What Steve Jobs and Theodore Roosevelt Knew About Success (And You Can Too)


Keep Moving Forward:
The Warrior’s Way to Success


Last week, during my regular accountability call with my business coach — a man who runs 8-figure businesses by working just one hour a week — we found ourselves laughing about something that once used to weigh heavy on both our hearts.

It wasn’t the money.

It wasn’t the success.

It was the invisible fear that once shackled us: the uncertainty of not knowing whether the next step would be the right one.

He and I are at similar stages of our lives now — "living our golden years," as we like to say — having spent decades battling through the blood, sweat, and self-doubt that most people only see from the outside.

We’re now in a rare position: we can build new ventures with wisdom, discretion, and most importantly, a sense of fun.

But that luxury was earned.

One truth we both agreed on: the world rewards those who keep moving forward.

You don’t need to know every step.
You don’t need to predict the future.
You just need to take the next step, and then the next.

We chuckled, quoting Steve Jobs:

"You can't connect the dots looking forward; you can only connect them looking backward."
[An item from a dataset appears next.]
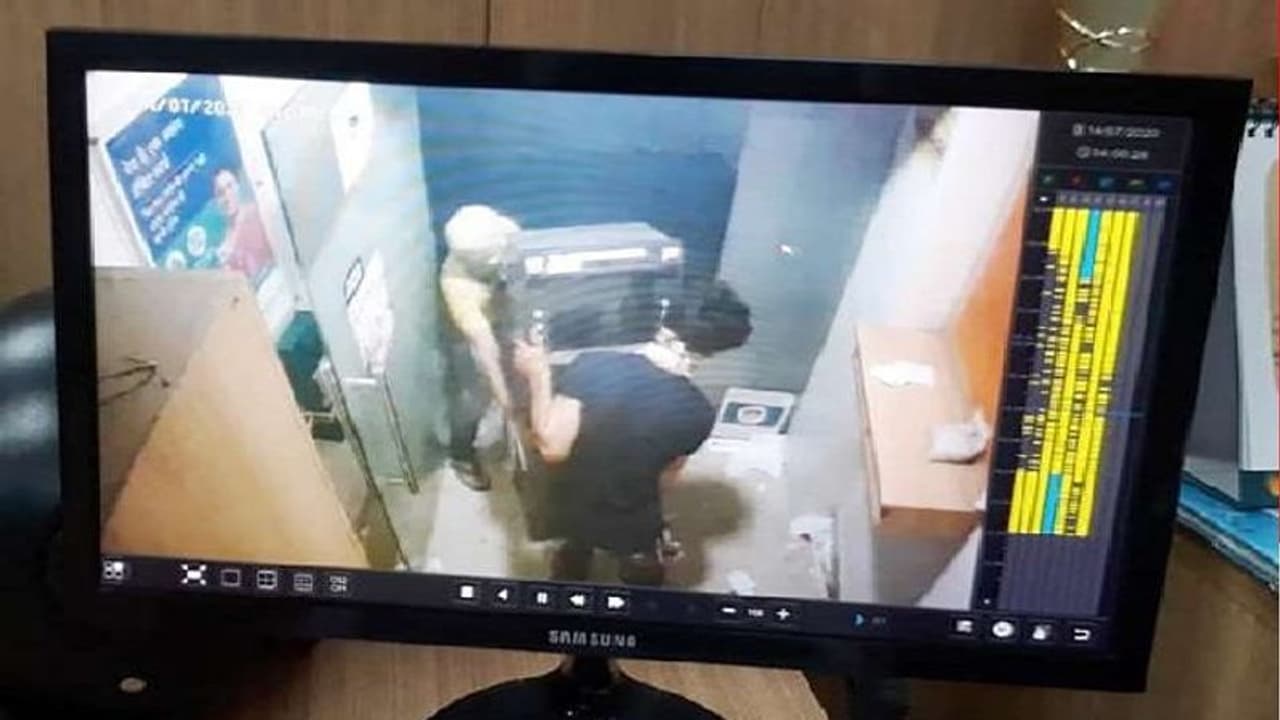 ఏటిఎంలే అతడి టార్గెట్...118 కేసులు, 11సార్లు జైలుకు ఏటిఎంలే అతడి టార్గెట్...118 కేసులు, 11సార్లు జైలుకు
And we reflected on Roosevelt’s timeless truth from The Man in the Arena:

“It is not the critic who counts: not the man who points out how the strong man stumbles or where the doer of deeds could have done better.
The credit belongs to the man who is actually in the arena, whose face is marred by dust and sweat and blood, who strives valiantly, who errs and comes up short again and again, because there is no effort without error or shortcoming, but who knows the great enthusiasms, the great devotions, who spends himself in a worthy cause; who, at the best, knows, in the end, the triumph of high achievement, and who, at the worst, if he fails, at least he fails while daring greatly, so that his place shall never be with those cold and timid souls who knew neither victory nor defeat.”
Theodore Roosevelt
Speech at the Sorbonne, Paris, April 23, 1910

Because at the end of the day, life doesn’t wait for you to figure it all out.
You either move... or you get moved.

Today, I want to talk to you about how you can make sure you’re the one moving forward.

Inertia Is Created Through Motion


1. The Illusion of Certainty Is a Trap

Most young men today are paralyzed not by lack of options, but by an overwhelming abundance of them.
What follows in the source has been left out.